Most of the people reading this blog are workers whose skills and experience are in demand; we’d all like to think that our time has real value, and that someone using it ought to be paying to use that time. Of course, outside of work, that’s a much harder argument to make, and even within the context of a full-time job, modern management is trending towards result-driven evaluation rather than office presence. Basically, your time is getting harder and harder to quantify.
Then comes along a service called Clarity whose explicit purpose is to sell your expertise, and along the way figure out how big that dollar sign is above your head. It’s a marketplace for advice from experts to those willing to pay of a few minutes of their time, and I’ve been trying out the service for a couple of months out of curiosity and to test whether someone who wasn’t already famous could indeed advise others for hard cash.
Well, so far, I’ve made two calls and made around $30/call. Not great, but honestly more than I had expected.
Now, one immediate counterpoint is that charging $100/hour or $120/hour sounds like a lot, but is achievable for engineers and designers via consulting if they have a rare enough skillset or have reputation in the industry. The “work” isn’t the same, though: talking on the phone for 15-20 minutes and passing down industry-specific knowledge to an outsider is pretty trivial, not to mention that it’s something I’d already gladly do for free. The level of energy required and drained is very different than 20 minutes of intense coding or debugging via consulting or a full-time job.
For those who don’t normally charge by the hour but do dole out advice as a part of their everyday work, Clarity is one model of the free market in action. Earlier on, they made headlines by signing on Mark Cuban but having his time be valued at $10k/hour – likely more for publicity than anything else, but more realistic rates on the site can edge upwards of $300, $400 an hour.
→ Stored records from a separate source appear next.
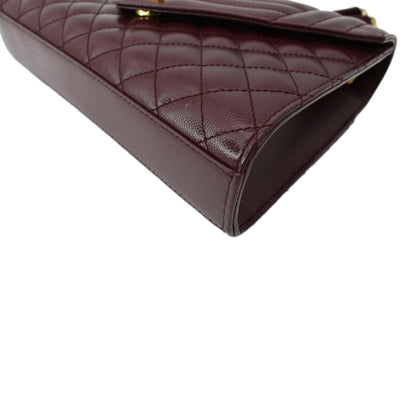 YVES SAINT LAURENT Medium Envelope Leather Chain Shoulder Bag Maroon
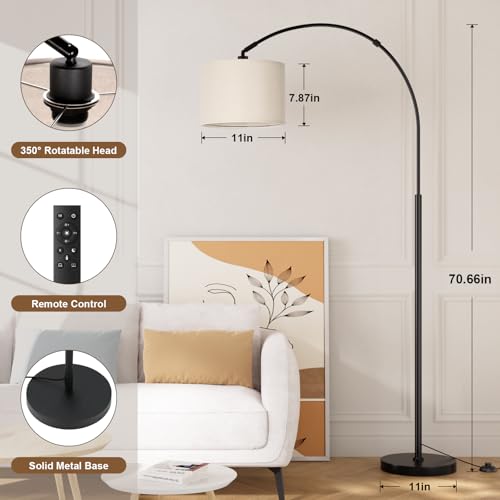 Ambimall 70' Dimmable Arc Floor Lamp with Remote, Color Temperatures and Brightness Adjustable, Arched Floor Lamp with Rotating Head, Over Couch Arched Light for Living Room (Deep Beige and Black) - Image 2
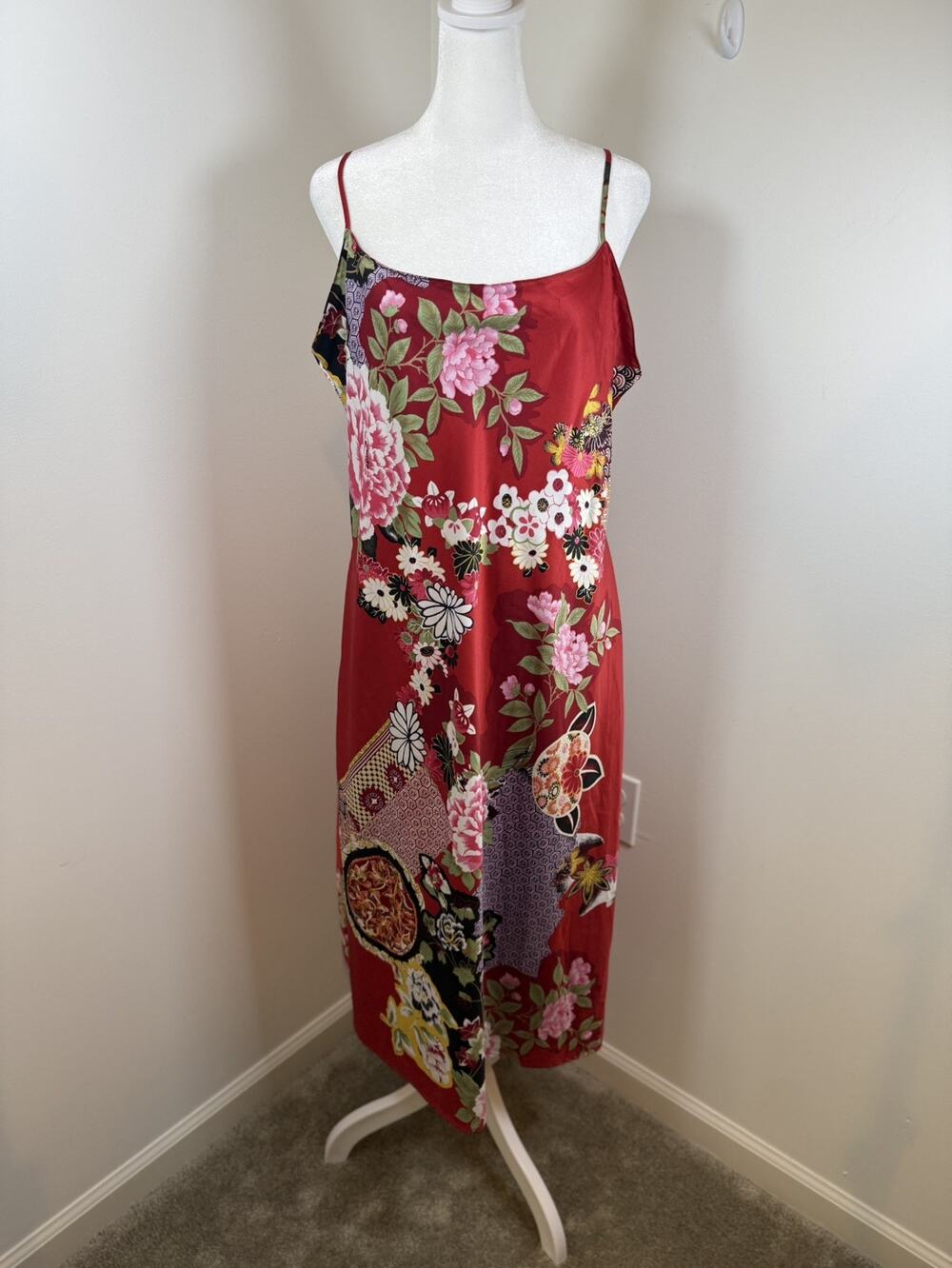 Natori Floral Printed Satin Ankle Length Slip Dress Nightgown Large Red Floral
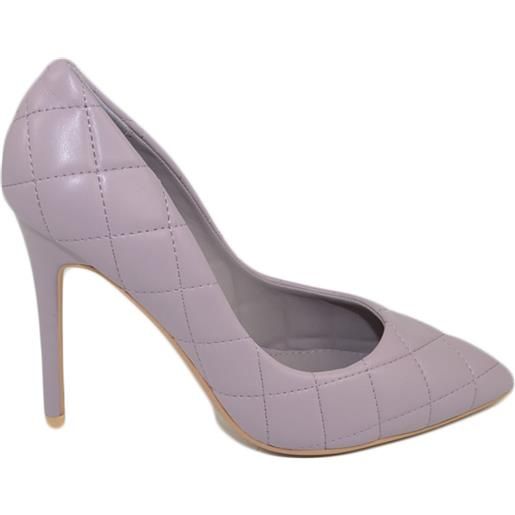 Malu Shoes scarpe donna decollete a punta elegante in pelle trapuntata lilla glicine viola tacco a spillo 12 cm moda evento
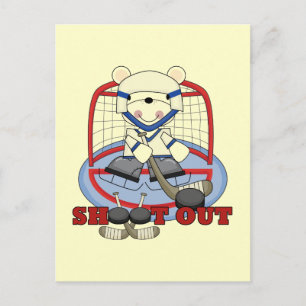 Bear Goalie Shoot Out Hockey Tshirts and Gifts Vykort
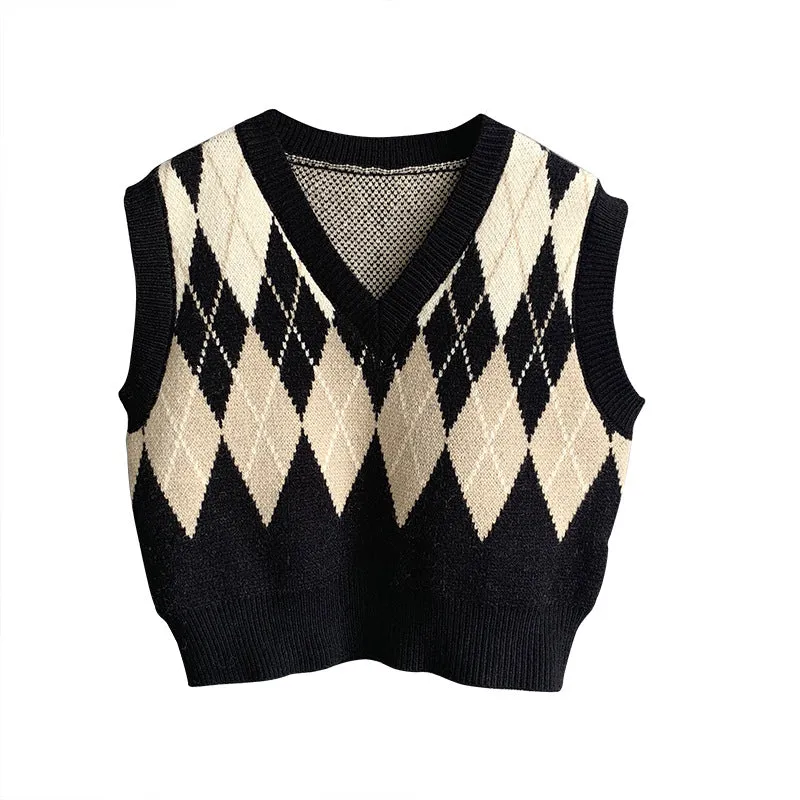2021 argyle V-neck knitwear women loose fit crop top vest checkered sweater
And the service is meant to be used for small bursts of time. Communication is done through a proxied conference call, with nothing more than the phone call and a simple messaging system on the site. It limits the topics of conversation to those that can be solved with a few minutes of introduction and limited context, which can cut both ways. For some problems, the value of the advice is front-loaded and all the caller needed was a pointer in a general direction or a reaffirmation of their strategy. Other times, the conversation is more exploratory, and an epiphany may not come until the end of the talk.
In any case, I’m glad that Clarity exists to further facilitate the flow of information and perhaps even a brief window of mentorship. The leaders we look up to gave each other advice all the time, and increasing accessibility can only raise the tide for all our metaphorical boats.